D’UN PRÉTENDU DROIT DE
MENTIR PAR HUMANITÉ
- EMMANUEL KANT-
« Dans le recueil la France, année
1797, sixième partie n° 1 : des réactions politiques, par Benjamin
Constant, on lit ce qui suit:
« Le principe moral que dire la vérité est
un devoir, s’il était pris d’une manière absolue et isolée, rendrait toute
société impossible. Nous en avons la preuve dans les conséquences directes qu’a
tirées de ce premier principe un philosophe allemand, qui va jusqu’à prétendre
qu’envers des assassins qui vous demanderaient si votre ami qu’ils poursuivent
n’est pas réfugié dans votre maison, le mensonge serait un crime.
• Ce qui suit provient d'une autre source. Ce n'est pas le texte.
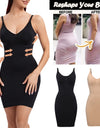 Full Slip Shapewear Women Dress V Neck Bodycon Underwear Smooth Compression Body Shaper Slimming Waist Abdomen Belly Corset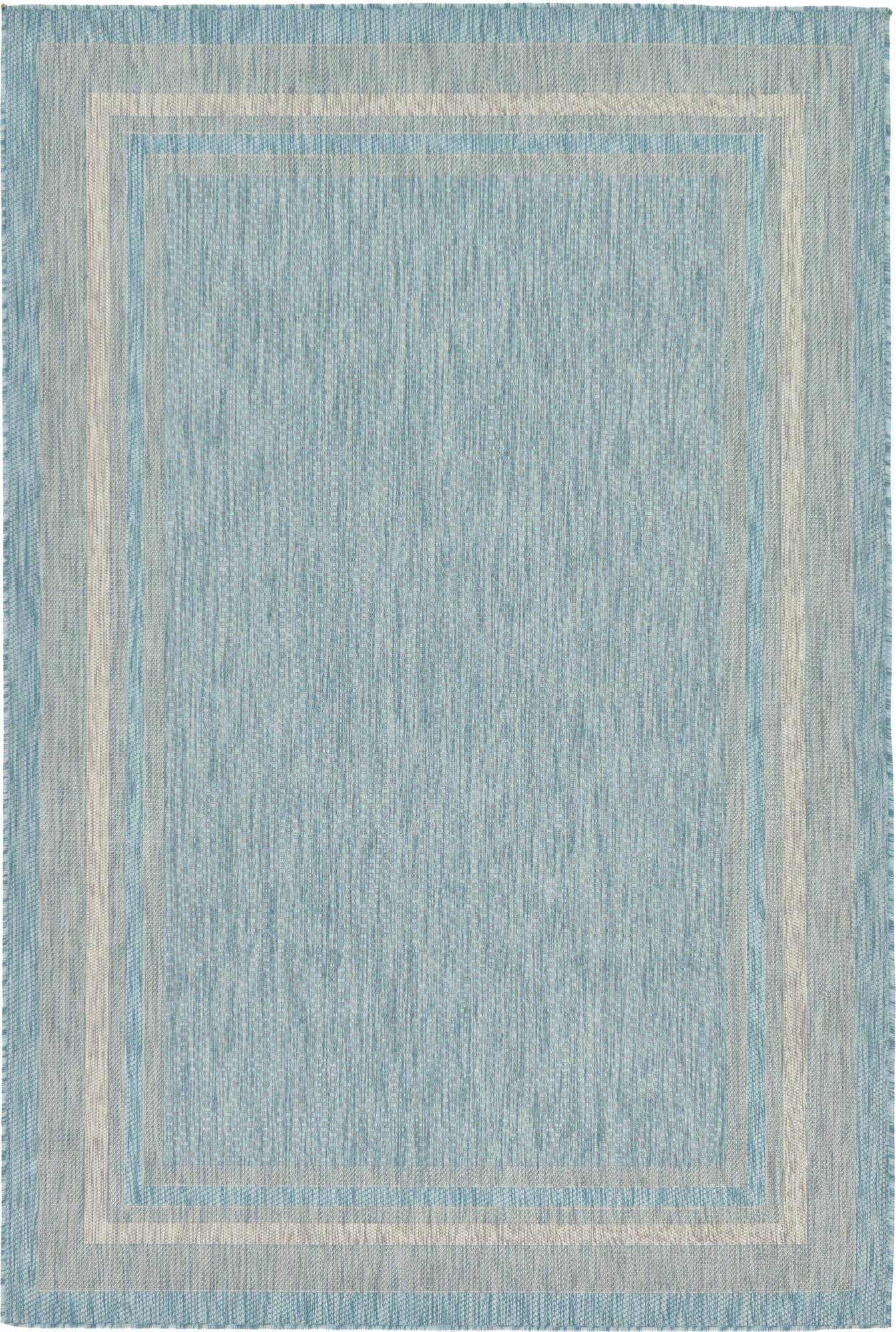 Rugs.com Outdoor Border Collection Rug – 6' x 9' Aquamarine Flatweave Rug Perfect for Bedrooms, Dining Rooms, Living Rooms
» Le philosophe français réfute ce principe de
la manière suivante. Dire la vérité est un devoir. Qu’est-ce qu’un
devoir ? L’idée de devoir est inséparable de celle de droits : un
devoir est ce qui, dans un être, correspond aux droits d’un autre. Là où il n’y
a pas de droits, il n’y a pas de devoirs. Dire la vérité n’est donc un devoir
qu’envers ceux qui ont droit à la vérité. Or nul homme n’a droit à la vérité
qui nuit à autrui. »
Le πρῶτον
ψεῦδος (1) gît ici dans cette proposition : dire
la vérité n’est un devoir qu’envers ceux qui ont droit à la vérité.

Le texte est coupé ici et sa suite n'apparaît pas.